The report does not draw a direct cause-and-effect link, but the commission was not trying to protect the industry, said pediatrician Lynn Goldman, lead author of the 90-page draft of A Special Report on Toxic Chemicals and Children's Health in North America. "We just put the facts out there," said Dr. Goldman, a professor of environmental health sciences at Johns Hopkins Bloomberg School of Public Health in Baltimore.

It is next to impossible, for example, to determine whether children living next to a hazardous-waste management plant are being exposed to pollutants from that site or other sources, she said. "We have this great [industry emission] data, but they don't have a way of connecting that with levels of exposure in children's bodies," Dr. Goldman said.

For example, an independent study in the United States found pesticide residues in blood and urine of children who did not live in polluted areas. And experts differ on issues such as cancer trends, she said.

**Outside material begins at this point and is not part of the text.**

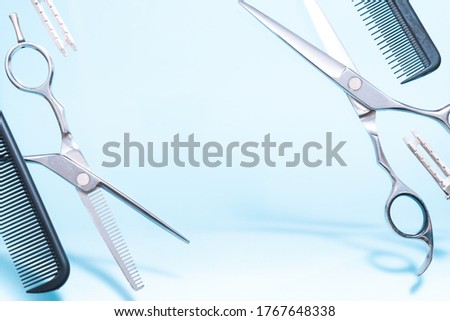 Flying hairdresser tools comb, scissors under trendy color background with copy space and soft light. Stylish Professional Barber Scissors, Hairdresser salon concept, Haircut accessories.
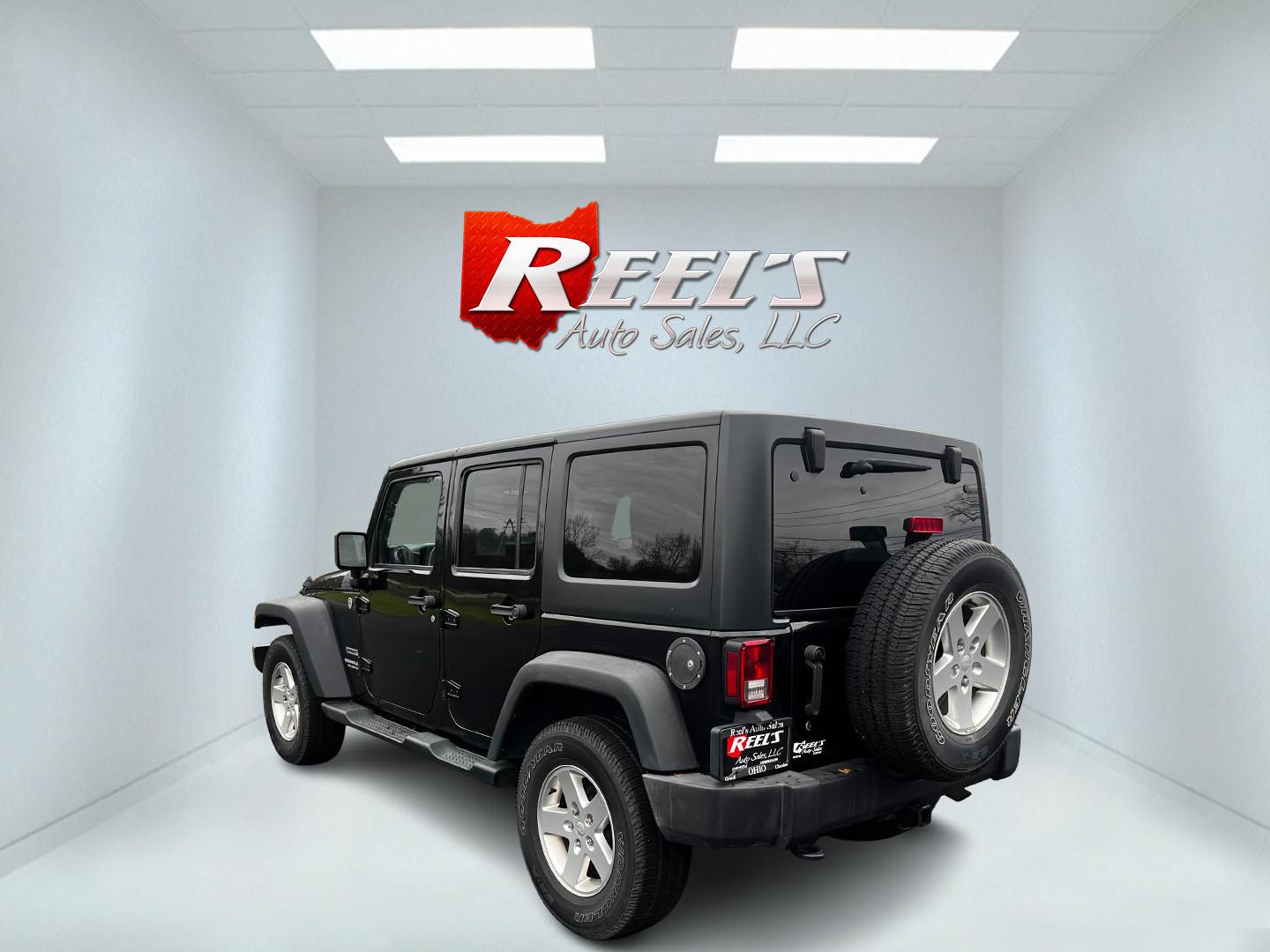 2015 Black /Black Jeep Wrangler Unlimited Sport 4WD (1C4BJWDG6FL) with an 3.6L V6 DOHC 24V FFV engine, located at 11115 Chardon Rd. , Chardon, OH, 44024, (440) 214-9705, 41.580246, -81.241943 - Photo#7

"The public should know that although we know children are at risk, we don't really know what's in the environment and what it's doing to them," she said. "The report raises more questions than answers." Lead, mercury, PCBs and dioxins are known carcinogens, developmental toxins and neurotoxins, said Kathy Cooper, senior researcher for the Canadian Environmental Law Association, which contributed to the report.

Although these are now heavily regulated or banned outright, they are still among the top pollutants. And there are many new chemicals -- about 33,000 substances in commercial use -- of unknown toxicity, she said. "Most have not been evaluated for their effect on children," Ms. Cooper said.

The situation is similar for pesticides. About 70% of pesticides that got government approval decades ago are now slated for retesting by looking at exposure and children, she said.

The most troubling "toxic trespassers" are the persistent chemicals that accumulate in the food chain. Persistent chemicals do not easily break down in the environment.Small amounts at the wrong moment can lead to lifelong disorders. Even low levels of lead and mercury can stunt brain development in a fetus or young infant.

Society is conducting a vast, uncontrolled experiment, experts warn, and children are the experimental subjects.

For example, wood decks, fences and playgrounds are often made with wood treated with arsenic -- a known neurotoxin. According to Canadian Institute of Child Health statistics, cancer in Canadian children under age 15 increased by 25% during the past 25 years. And about 12% of children have asthma -- related to air pollution. A further 29% of children under age 11 have learning or behavioural problems.

The commission's draft report tracked public data on pollutants that are released into air, water and soil -- based on industry-provided information required by governments in Canada, the United States and Mexico.

The report suggests the data tends to underestimate the actual load of chemicals in the environment. That is simply the "tip of the iceberg," it warns.

While it only looked at industry sources, children are also exposed to all sorts of things in their own homes. For example, fire-retardant chemicals (which are similar to PCBs) can be found in everything from televisions to baby pyjamas, and are now turning up in breast milk.

Children are particularly sensitive because of their size and activity levels. Their developing kidneys and livers are less capable of breaking down toxins. The report clearly states that exposure to toxic chemicals contributes to increases in such childhood diseases as asthma, leukemia, brain cancer, birth defects and learning, behavioural and developmental disabilities.

The Canadian Chemical Producers' Association -- which represents more than 70 chemical manufacturers accounting for more than 90% of chemical manufacturing operations in Canada -- has said the report is flawed. They did not return calls.

But other groups preparing a response to the draft version are applauding the call for more research, education and better regulatory policies.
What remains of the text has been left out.